Nothing but the lines from the one holding "Patentado Protegido, Tecnología, Propiedad" through the last line of the material below should be set down, exactly and without images.

**Supplied records**
··········

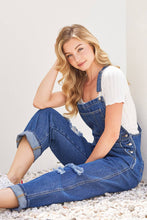 Load image into Gallery viewer, Della dark denim overalls
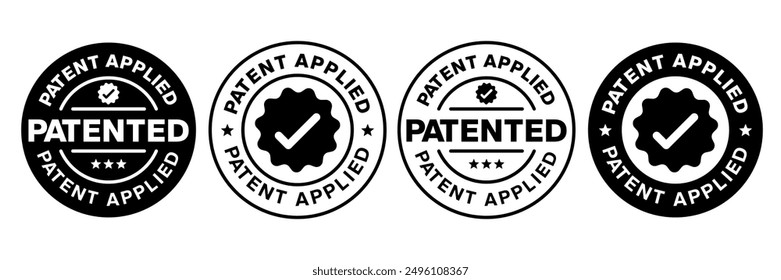 Patentado Protegido, Tecnología, Propiedad intelectual, Patente Aplicado logotipo, insignia, icono, pegatina, etiqueta, emblema, sello, símbolo, negro, línea circular, Vector plano, ilustración aislada.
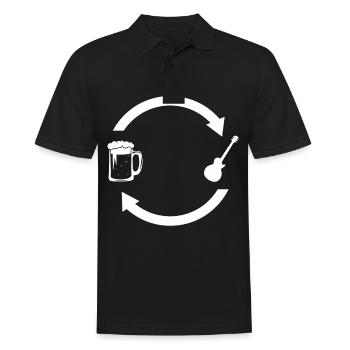 Flèches de chargement de bière et guitare - - Polo Homme - noir - Devant - Kai (181cm)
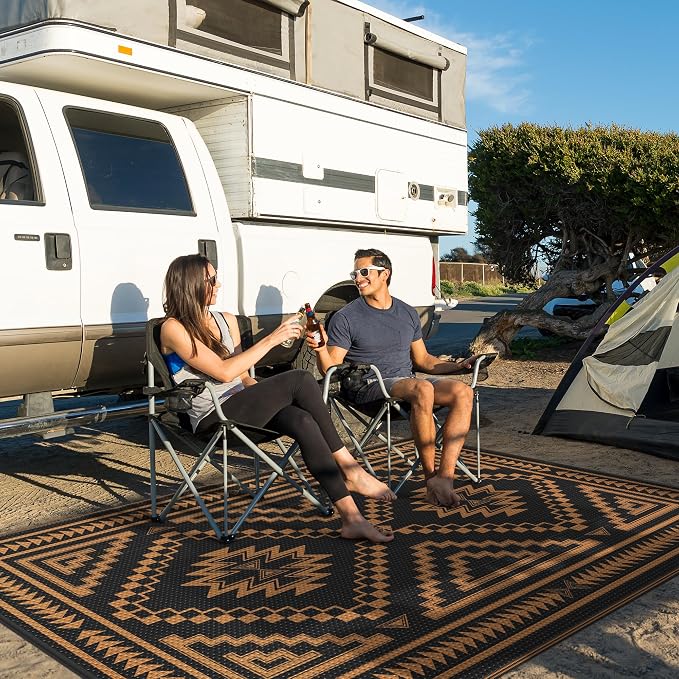 GENIMO Outdoor Rug for Patio Clearance - 5x8 ft Waterproof Plastic Camping Rugs, Reversible Outside Rv Mat Carpet for Porch, Deck, Picnic, Balcony, Beach, Backyard, Black Orange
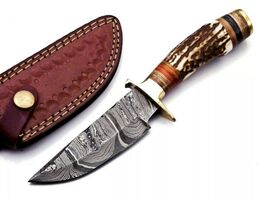 Damascus Military Hunting Tactical Fixed Blade Survival Stag Horn handle... - $23.71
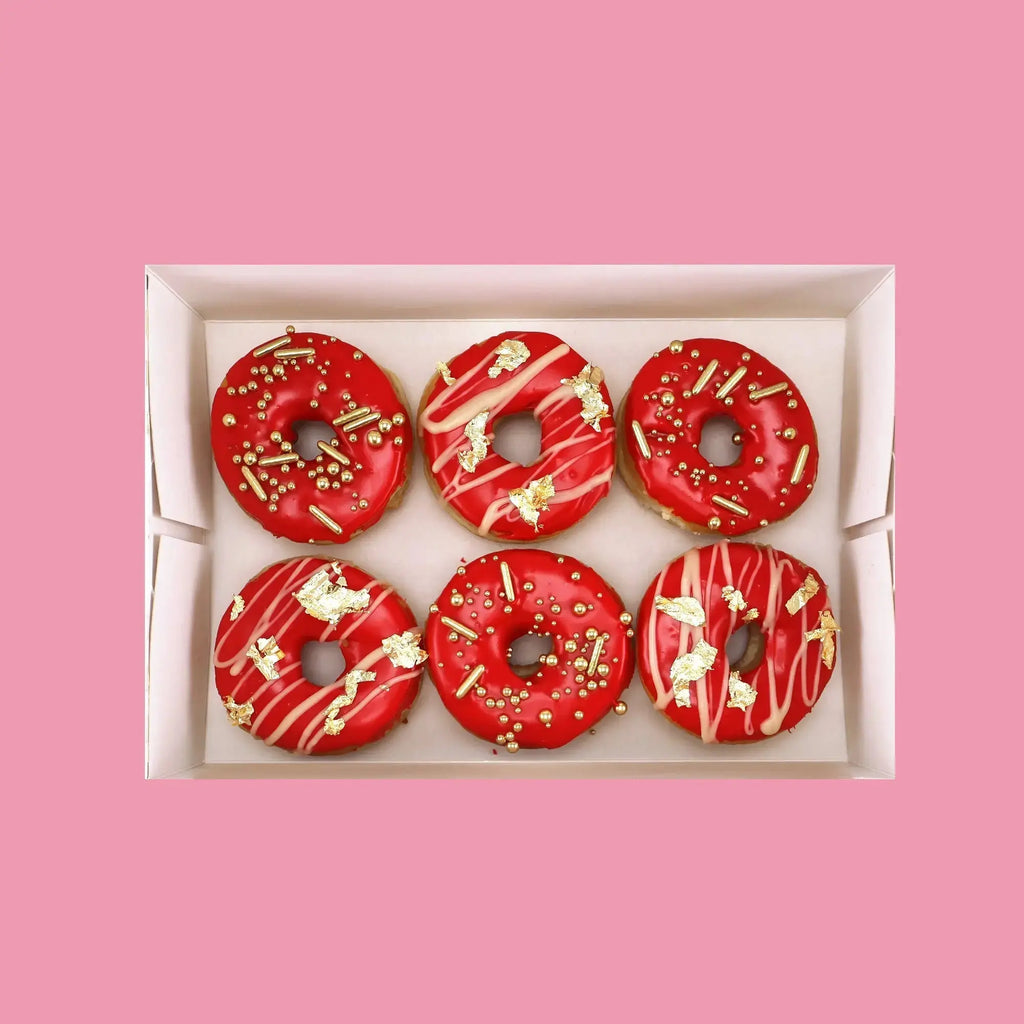 Gourmet Red & Gold Donuts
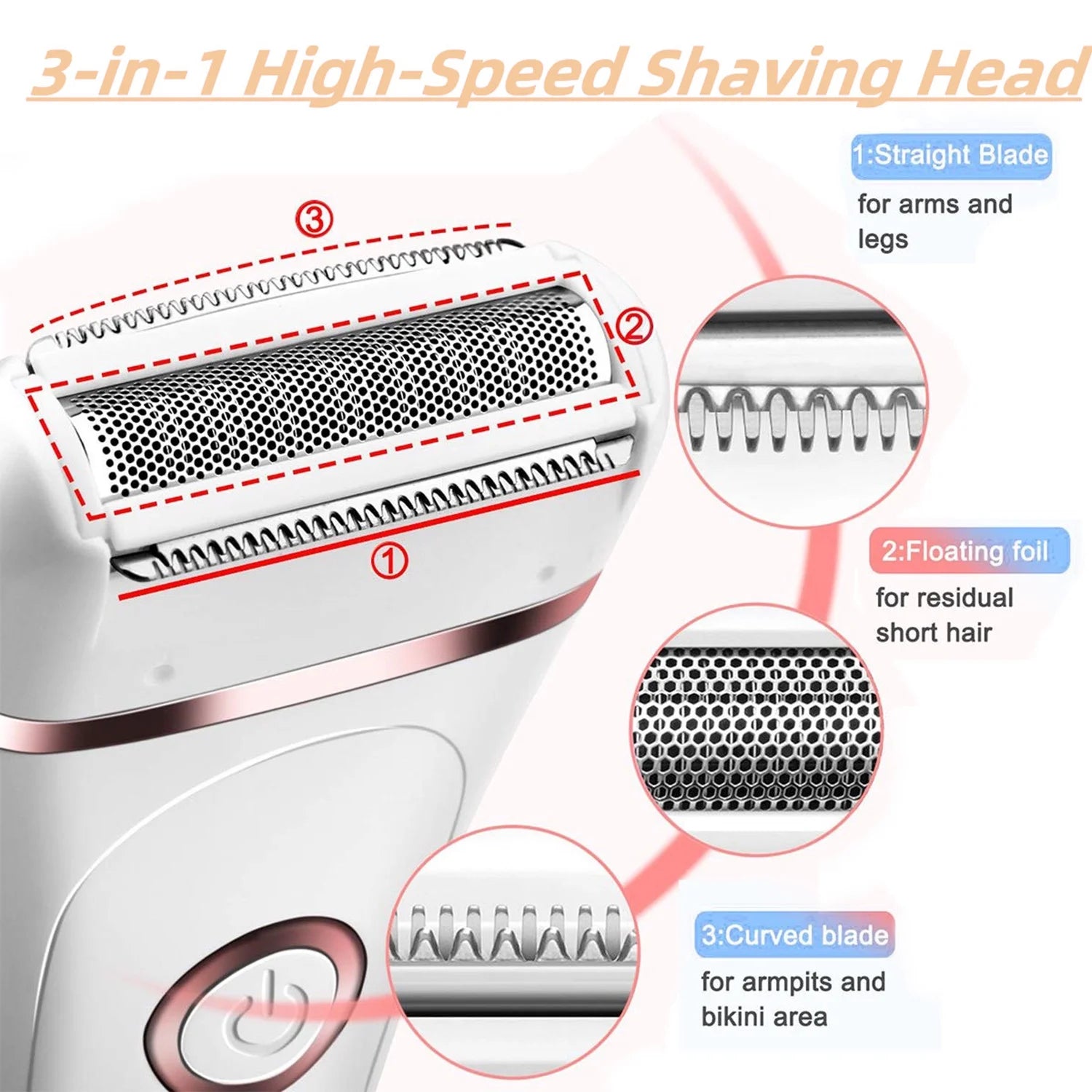  Painless Womens Electric Razors 3 in 1 Cordless Lady Shaver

··········

**Solution to the problem**
 Patentado Protegido, Tecnología, Propiedad intelectual, Patente Aplicado logotipo, insignia, icono, pegatina, etiqueta, emblema, sello, símbolo, negro, línea circular, Vector plano, ilustración aislada.
 Flèches de chargement de bière et guitare - - Polo Homme - noir - Devant - Kai (181cm)
 GENIMO Outdoor Rug for Patio Clearance - 5x8 ft Waterproof Plastic Camping Rugs, Reversible Outside Rv Mat Carpet for Porch, Deck, Picnic, Balcony, Beach, Backyard, Black Orange
 Damascus Military Hunting Tactical Fixed Blade Survival Stag Horn handle... - $23.71
 Gourmet Red & Gold Donuts
  Painless Womens Electric Razors 3 in 1 Cordless Lady Shaver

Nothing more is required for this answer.